Intinya idol memang akan selalu
bersandingan dengan kegiatan konsumsi. (hal. 2)
Senbatsu sousenkyo
ini merupakan strategi, agar kalian yang bingung untuk menghambur-hamburkan
uang bisa tercerahkan, toh semua sistem ini sudah mereka atur. Mereka adalah jimusho, sebutan untuk perusahaan performer yang berada di Jepang.
Jimusho mengatur
secara detil produksi idol, mulai dari titik nol, strategi
pasar jangka panjang, dan permintaan kontrol media secara penuh, jimusho memiliki itu. Kemampuannya
menjadikan jimusho dilabeli sebagai “mass control”, karena campur tangannya
yang penuh terhadap popularitas idol.
Jika Melody sudah dipersiapkan, bagaimana dengan mereka yang
tidak terpilih dari awal? Apakah mereka hanya dijadikan martir? Saya rasa itu
terlalu berlebihan. Mereka adalah member yang bertahan, saya rasa kemampuannya
bertahan dari tekanan mental – bersaing dengan “si pemenang” – patut diacungi
jempol.
Ada member yang keluar, ada member yang masuk, semuanya
dihadapkan dengan pilihan, bertahan atau tidak. Mereka bertahan karena
menantikan glitch dari suatu sistem. Ya.. saya menyebutnya glitch karena selalu ada error dalam suatu sistem, setidaknya “kesempurnaan
adalah glitch itu sendiri.”
Sashihara Rino bisa menjadi contoh, hetare girl ini menumbangkan kejayaan Oshima Yuko selepas Acchan
lulus, dan fakta jika singgasana senbatsu
diduduki oleh perempuan yang demoted
ke HKT48, adalah kejutan tersendiri, bagi para fans.

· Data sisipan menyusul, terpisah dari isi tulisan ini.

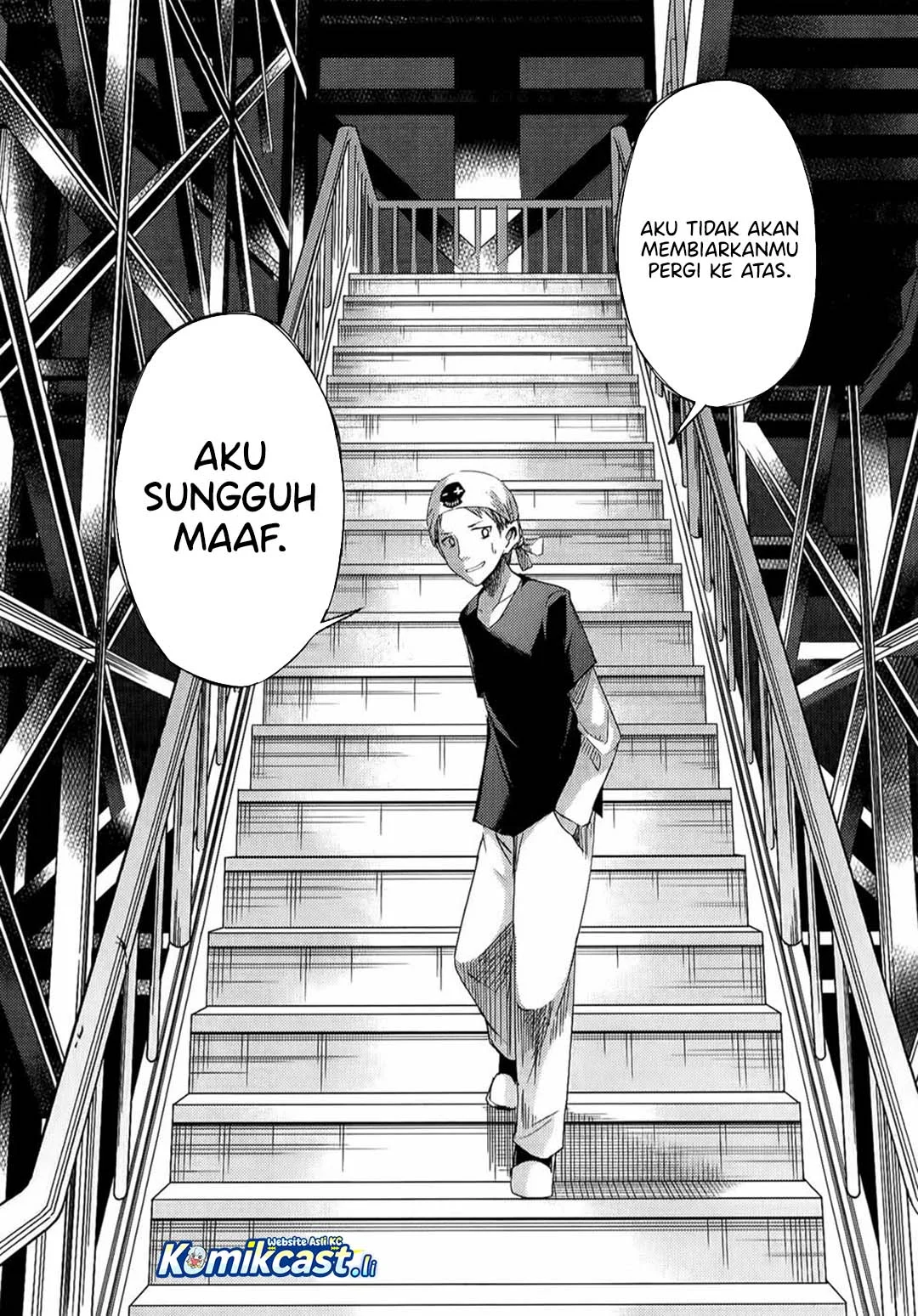 ib: Instant Bullet Bab 8 halaman 19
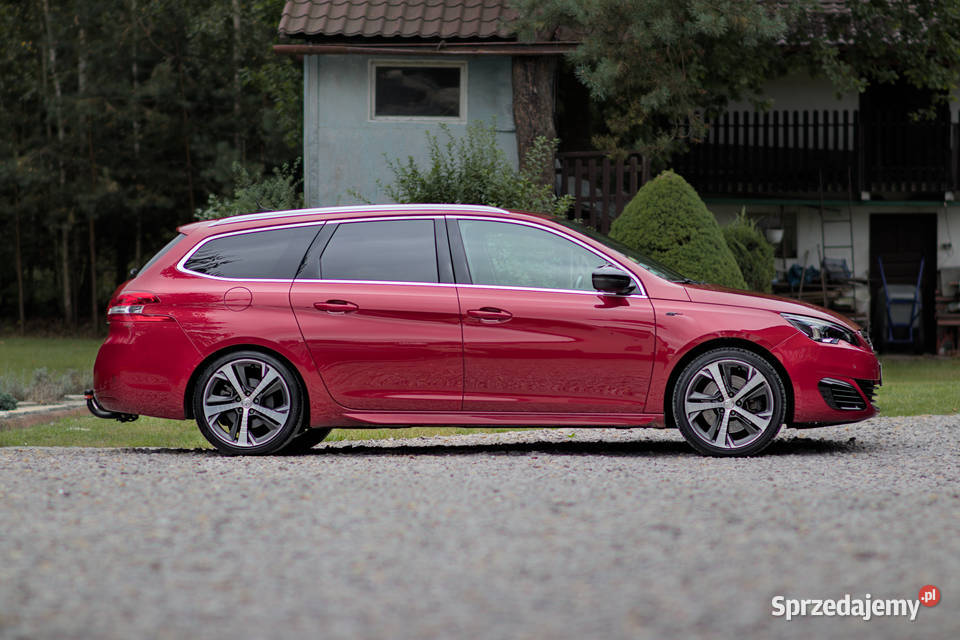 Peugeot 308 GT Automat 181 Rarytas Chrzanów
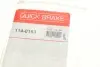 Ремкомплект супорту QUICK BRAKE (114-0163) изображение 5
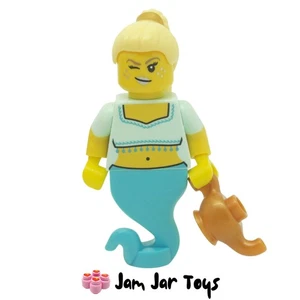 LEGO Genie Girl Minifigure Series 12 Collectable 71007-15 COL193 - Picture 1 of 3
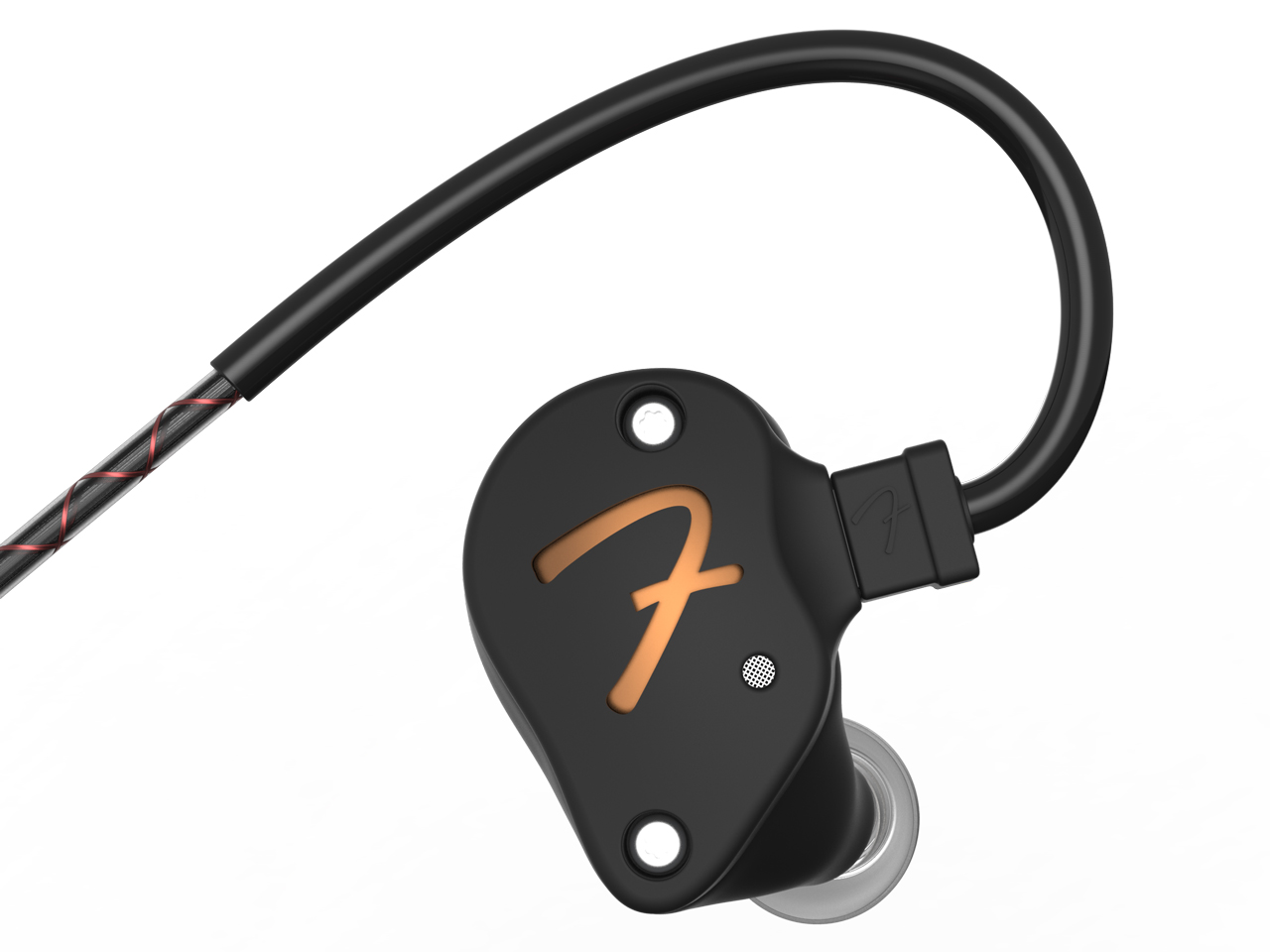 希少 美品 Fender TEN 3 Flat Black フェンダー イヤホン FENDER Pro IEM TEN 3 [Flat Black] 価格比較 - 価格.com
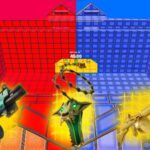 【注目の島】ULTRA RED VS BLUE 🔴🔵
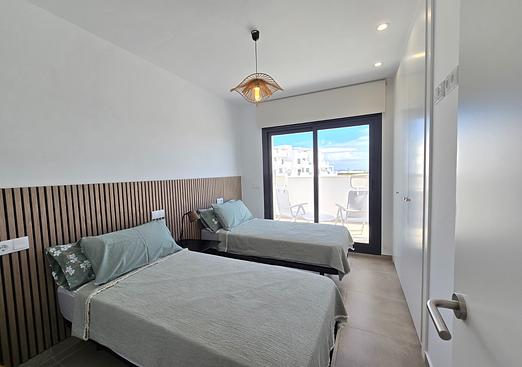 Apartment in Santa Rosalia
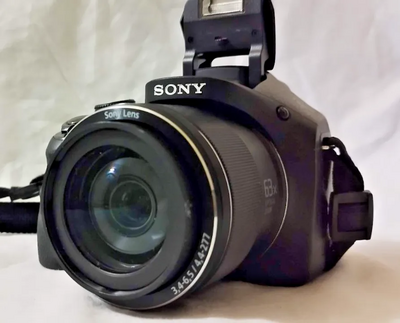 Sony H400 Image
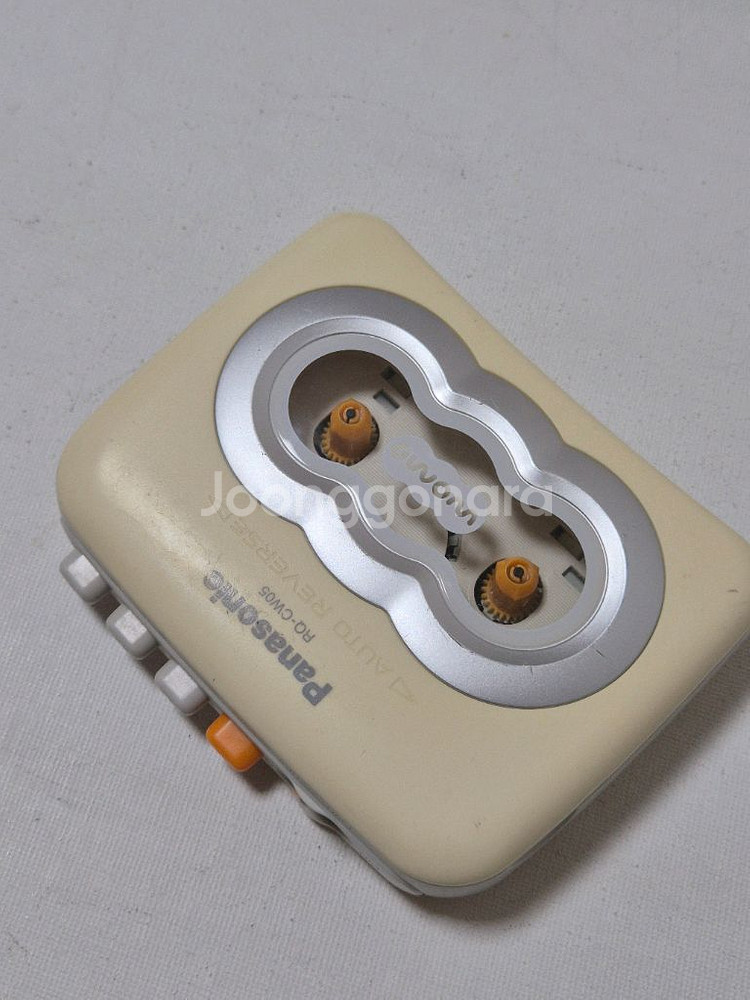 파나소닉 워크맨 RQ-CW05--2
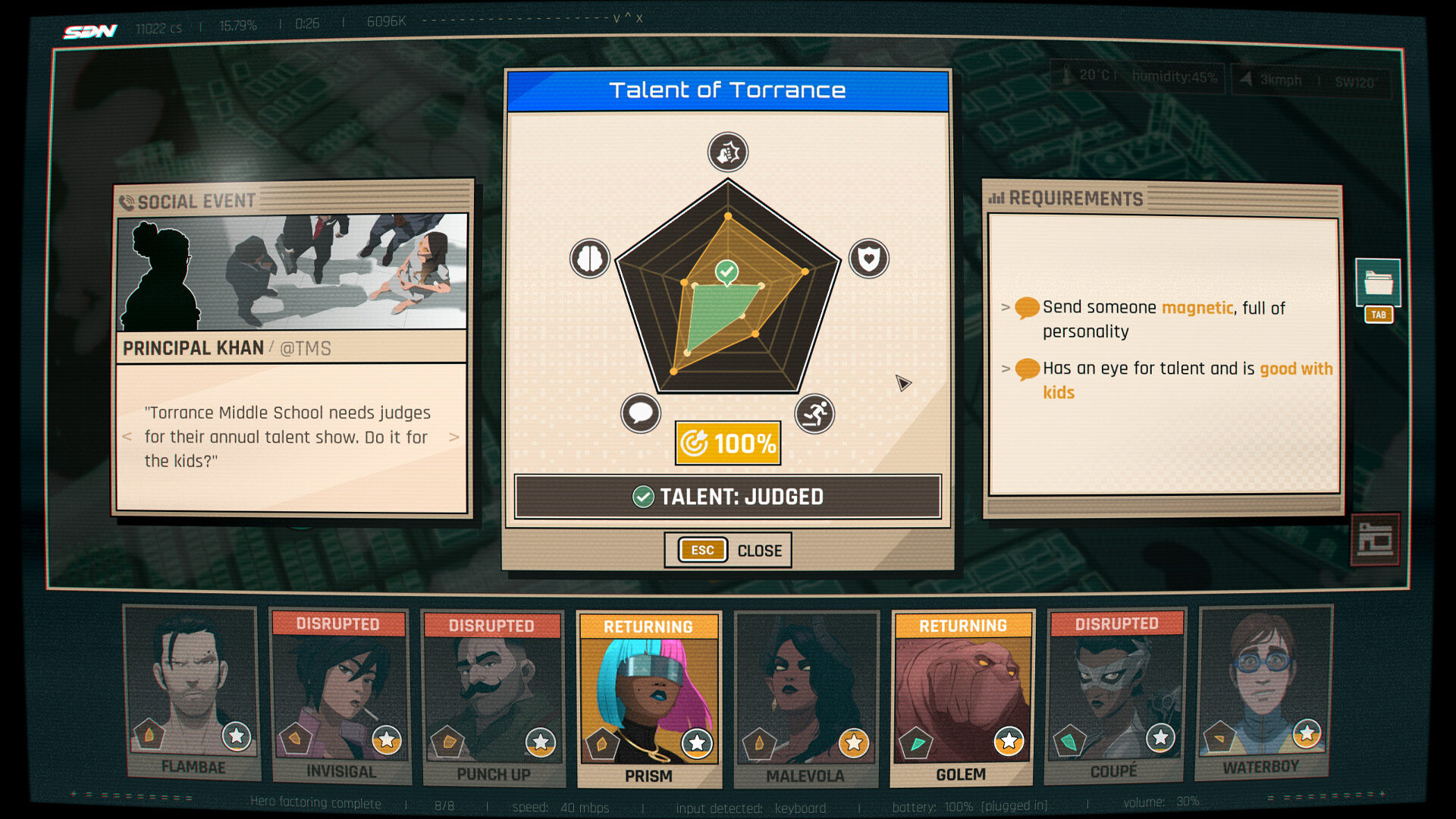 Dispatch Full Series (PC) Review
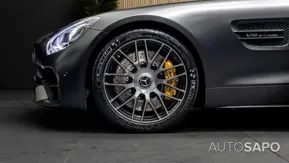 Mercedes-Benz AMG GT de 2018
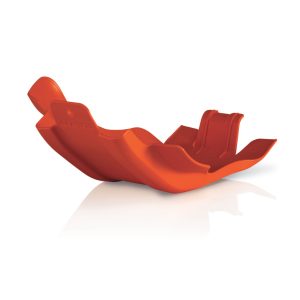 Acerbis alsó védőlemez -  KTM EXC-F 250 14/16 + EXC-F 350 12/16 + HUSQVARNA FE 250-350 14/16-F 12/16 + 250 EXC-F 14/16 - narancs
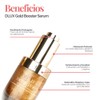 DLUX Pro Gold Booster Serum – Suero Dorado para Pestañas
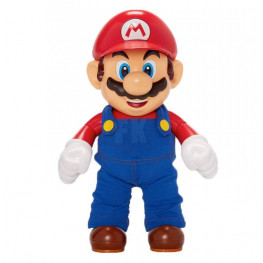 World of Nintendo Talking akčná figúrka It's-A Me! Mario 30 cm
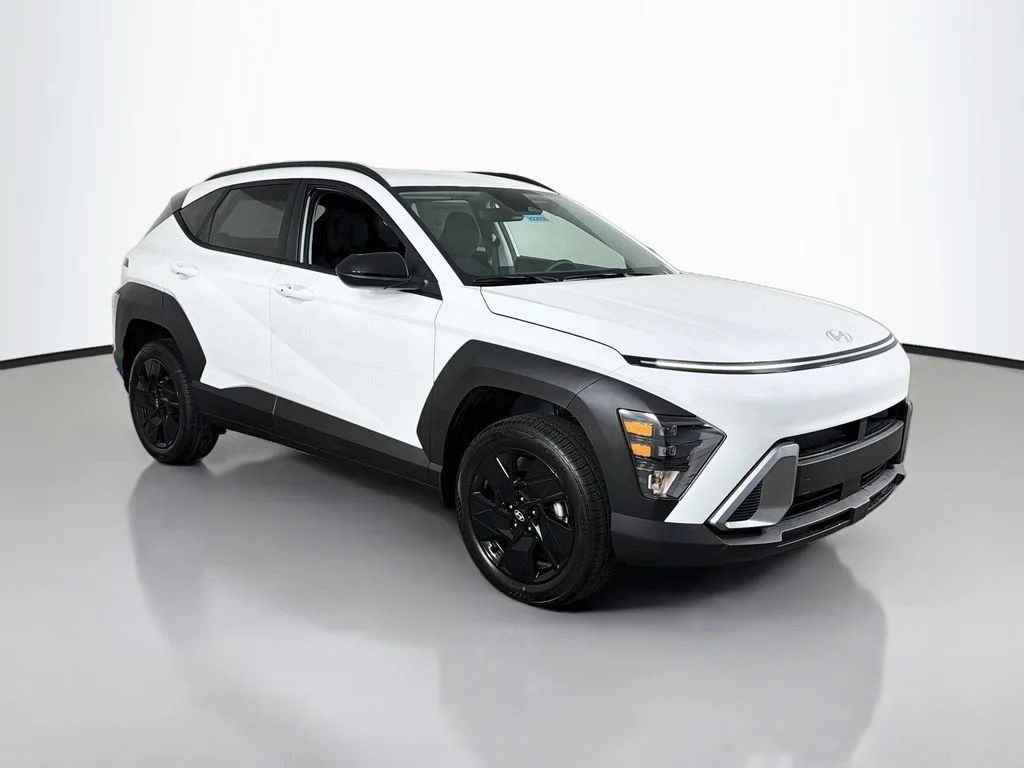 2027 Hyundai Kona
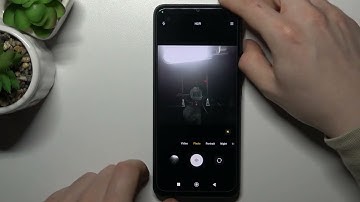 How to Change Volume Button Function in Camera of POCO C50 / Camera Customization on POCO C50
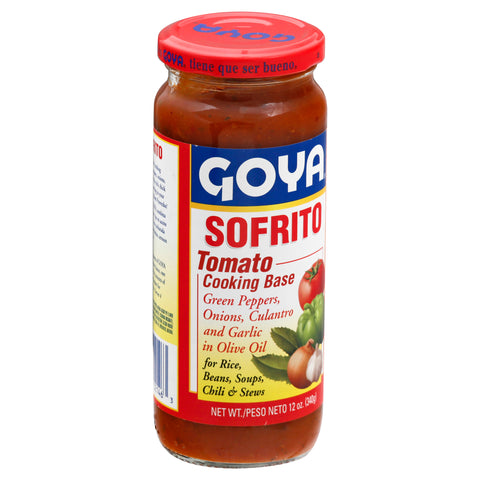 Goya Tomato Cooking Base 12 OZ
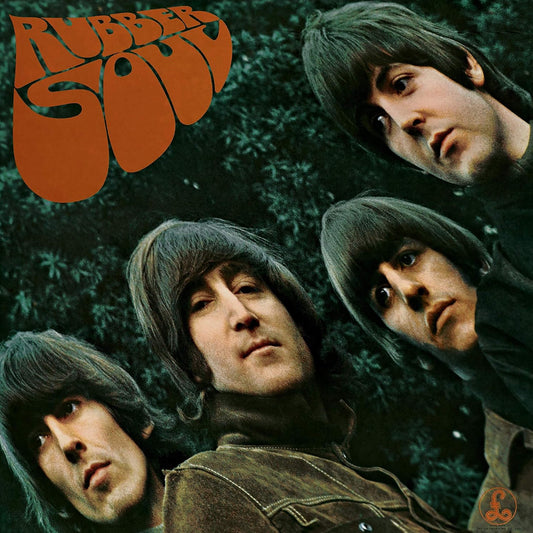Beatles, The - Rubber Soul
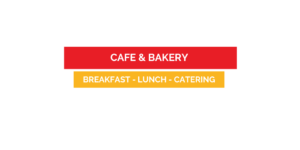 Johns Creek Cafe and Bakery serving breakfast, brunch and lunch.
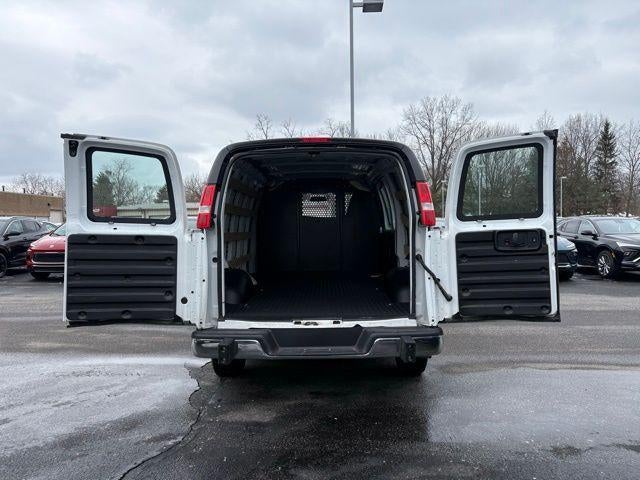 2024 GMC Savana Cargo 2500 Base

Sashihara tidak pernah diinginkan, lalu-lalang di undergirls, terlibat skandal, bahkan
dijuluki hetare, yang berarti “tidak
ada harapan”. Tapi Sashi mementahkan semua fakta tersebut, dengan terpilihnya
dia, menjadikan hal tersebut sebagai glitch,
yaitu rusaknya sistem sepeninggal Acchan.
Jika Sashi bisa, kenapa semua member yang bertahan tidak
bisa? Rivalitas memang belum digaungkan, belum ada cerita tentang “mereka yang
bertahan” akan menggulingkan “si pemenang”. Member yang lulus sebelum pemilihan,
akan menimbulkan efek peralihan suara bagi member yang lain, sehingga akan ada
member yang naik, akan ada member yang turun.
Saya bisa berspekulasi, Nabilah pun, yang memiliki followers twitter terbanyak, nyatanya
hanya menduduki peringkat enam dengan 371 suara, fakta yang bisa diambil, ikon
tidak selalu bersenang-senang. Selalu ada loyalis dan simpatisan, Nabilah yang
didukung jutaan simpatisan, akan ciut
juga kalo lawannya hanya ribuan loyalis Beby. Beby mendulang 415 suara di
posisi empat, membuktikan member yang mencoba bertahan pun bisa bersinar.